Exercise: For this exercise, write out the full listing that follows exactly and skip its pictures.

Given information:

* * *

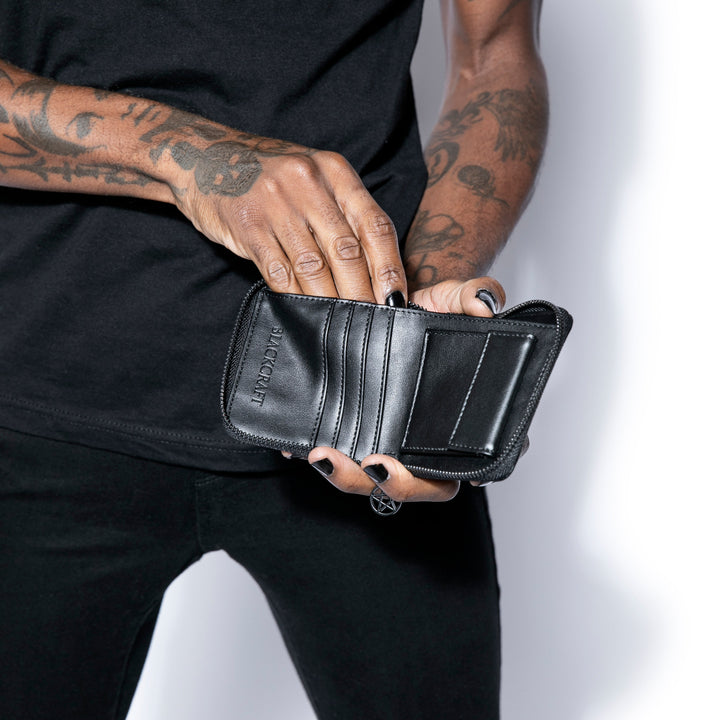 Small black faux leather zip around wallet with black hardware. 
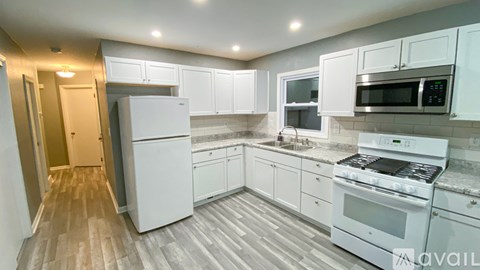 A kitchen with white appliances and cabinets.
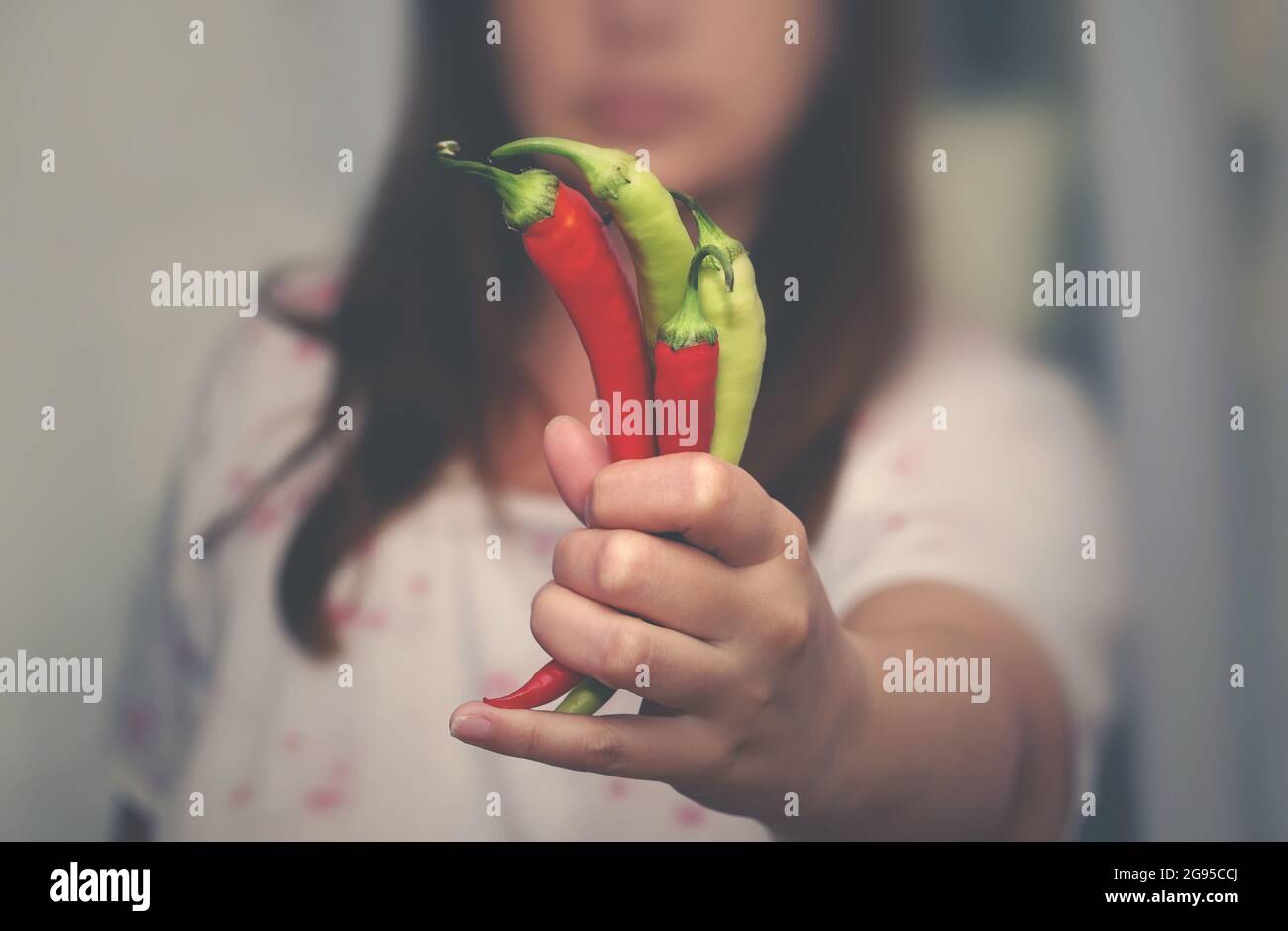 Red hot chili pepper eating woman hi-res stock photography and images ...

* * *

Answer section:
 Small black faux leather zip around wallet with black hardware. 
 A kitchen with white appliances and cabinets.
 Red hot chili pepper eating woman hi-res stock photography and images ...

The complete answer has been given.